In a regular hand, 4 cards of the same suit score 4 points even if the starter card doesn't match (and 5 points if it does). The crib is stricter: a 4-card-only flush scores zero in the crib. All 5 cards — the 4 crib cards plus the starter — must share the same suit for the crib to score any flush points at all, and if they do, it's worth 5. This calculator's "this is the crib" checkbox applies that exception automatically.
What's the difference between His Nobs and His Heels?
They sound alike but happen at different times and score differently. His Heels happens at the cut, before anyone plays a card: if the starter card itself turns out to be a Jack, the dealer immediately scores 2 points. His Nobs happens during hand scoring: if one of your 4 hand cards is a Jack of the same suit as the starter card, you score 1 point as part of your hand total. Heels is a one-time bonus for the dealer at the cut; Nobs is a per-hand point that can apply to either player's hand or the crib.

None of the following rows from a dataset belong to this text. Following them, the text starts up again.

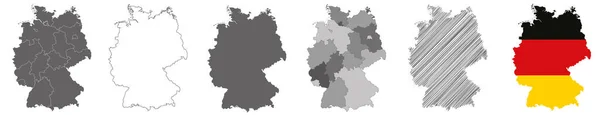 Vektorkarten Von Deutschland Auf Weißem Hintergrund — Stockvektor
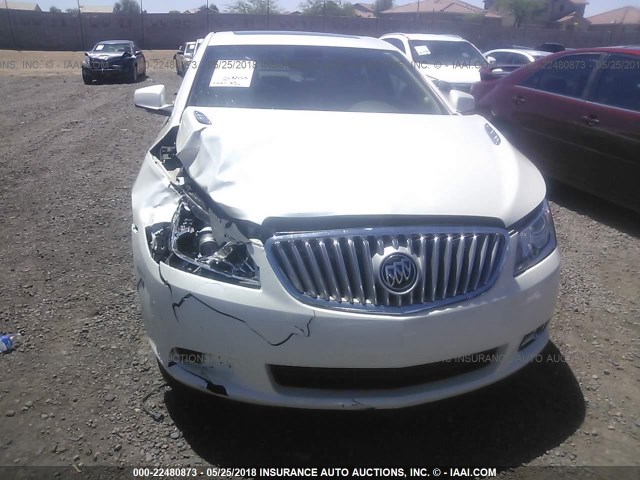 1G4GE5GV4AF168099 - 2010 BUICK LACROSSE CXS WHITE photo 6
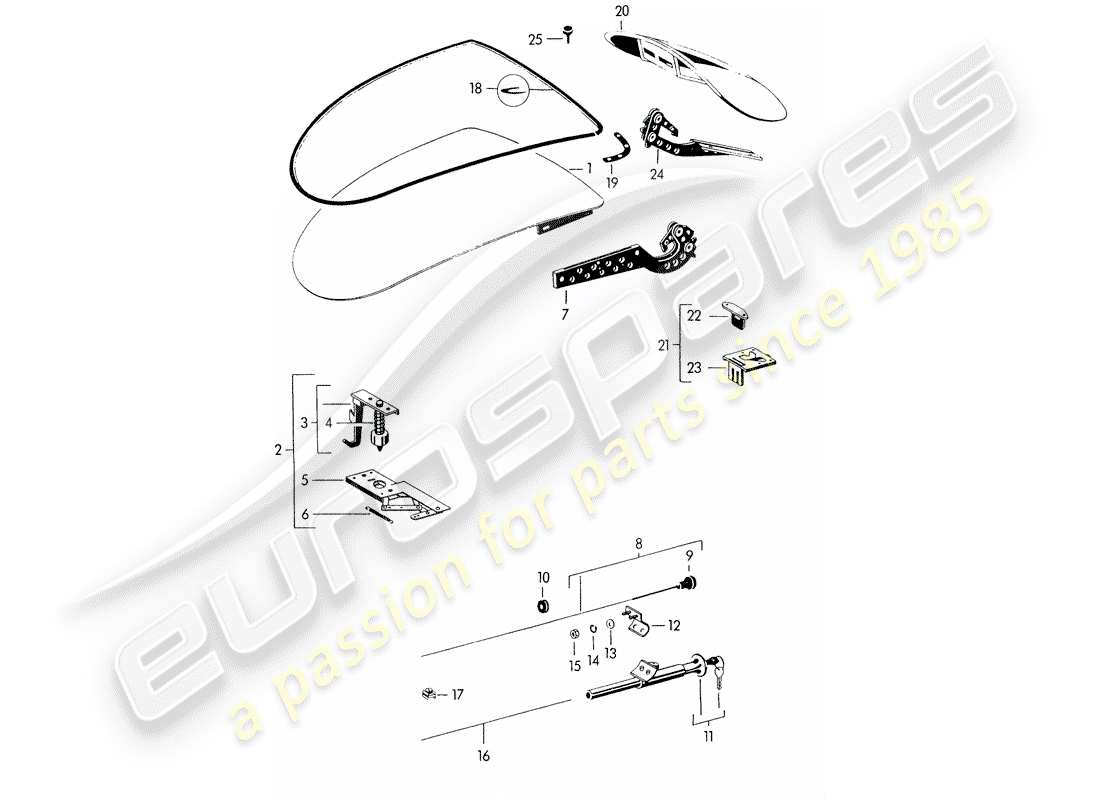 porsche 1953 (356/356a) couvercle - - et - avec pièces d'installation - pour le montage, utilisez le matériel d'atelier schéma des pièces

Why do duplicate ranks create more than one run?
A run needs 3 or more cards of consecutive rank, but if one of those ranks is duplicated, the duplicate creates a second complete run using the same consecutive sequence with a different card standing in for the repeated rank. For example, 4-4-5-6 contains two separate runs of 4-5-6 — one using each 4 — worth 3 points each, for 6 points total, not a single run of 3 counted once. A duplicated rank inside a 4-card run works the same way, doubling that run's value instead.
What is the highest possible score for one cribbage hand?
29 points, from the famous "29 hand": three 5s plus a Jack in your 4 cards, with the starter card being the 4th 5 and matching the Jack's suit. That works out to 16 points from fifteens (three 5s combine with the Jack eight different ways), 12 points from a double pair royal (four 5s), and 1 point from His Nobs — 16 + 12 + 1 = 29. It's considered one of the rarest hands in cribbage, statistically appearing roughly once in every 216,580 hands dealt.